YOUR GOAL:
An exact restatement of the data is required, with the images omitted.

DATASET SECTION:
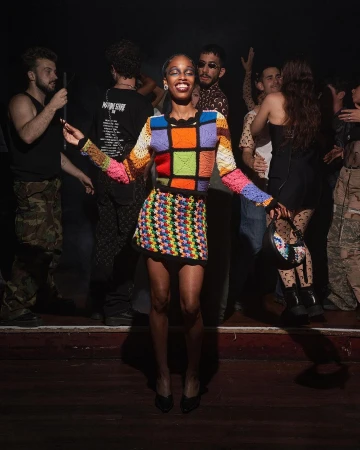 An adult woman in a colorful crochet sweater and skirt poses on a stage in front of a crowd of people in a dimly lit room.
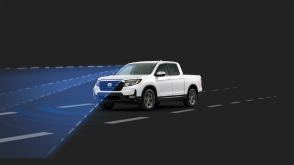 3/4 front view of white Ridgeline in black CGI space. Blue sensor waves and lines emit from the front.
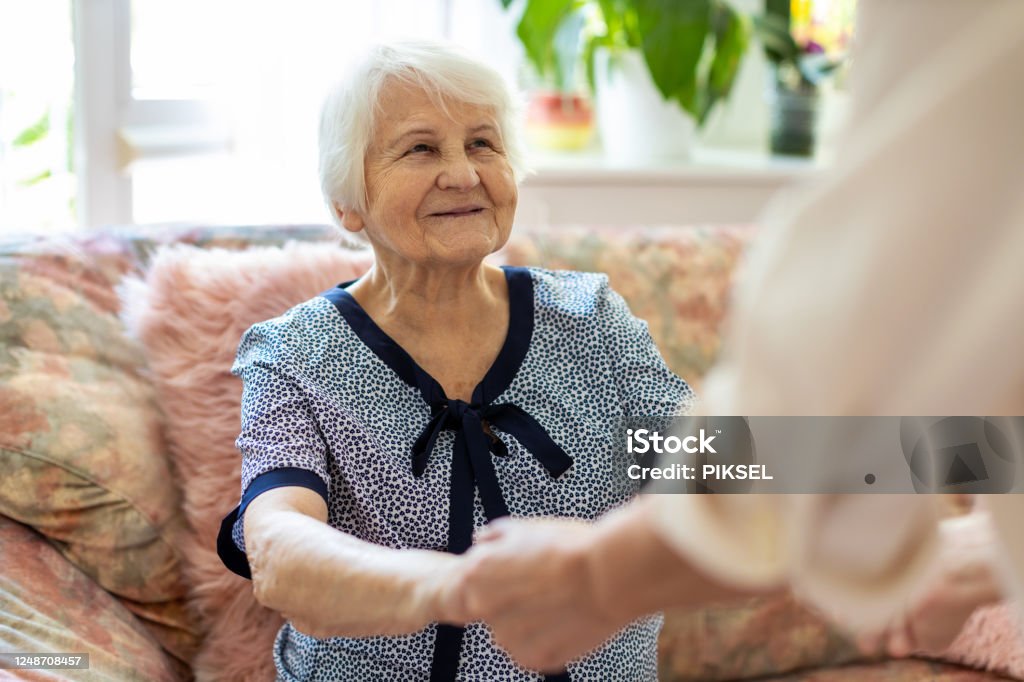 Female home carer supporting old woman to stand up from the sofa at care home Senior Adult Stock Photo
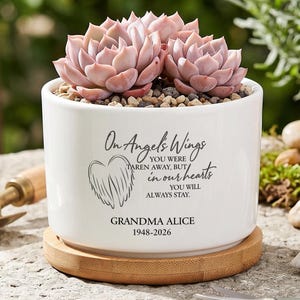 Op de afbeelding: Een witte keramische plantenpot met bamboe schotel en roze vetplanten. De pot is voorzien van een zwarte afbeelding van engelvleugels en de tekst: On Angel's Wings YOU WERE TAKEN AWAY, BUT in our hearts YOU WILL ALWAYS STAY. GRANDMA ALICE 1948-2026.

SOLUTION BELOW:
 An adult woman in a colorful crochet sweater and skirt poses on a stage in front of a crowd of people in a dimly lit room.
 3/4 front view of white Ridgeline in black CGI space. Blue sensor waves and lines emit from the front.
 Female home carer supporting old woman to stand up from the sofa at care home Senior Adult Stock Photo
 Op de afbeelding: Een witte keramische plantenpot met bamboe schotel en roze vetplanten. De pot is voorzien van een zwarte afbeelding van engelvleugels en de tekst: On Angel's Wings YOU WERE TAKEN AWAY, BUT in our hearts YOU WILL ALWAYS STAY. GRANDMA ALICE 1948-2026.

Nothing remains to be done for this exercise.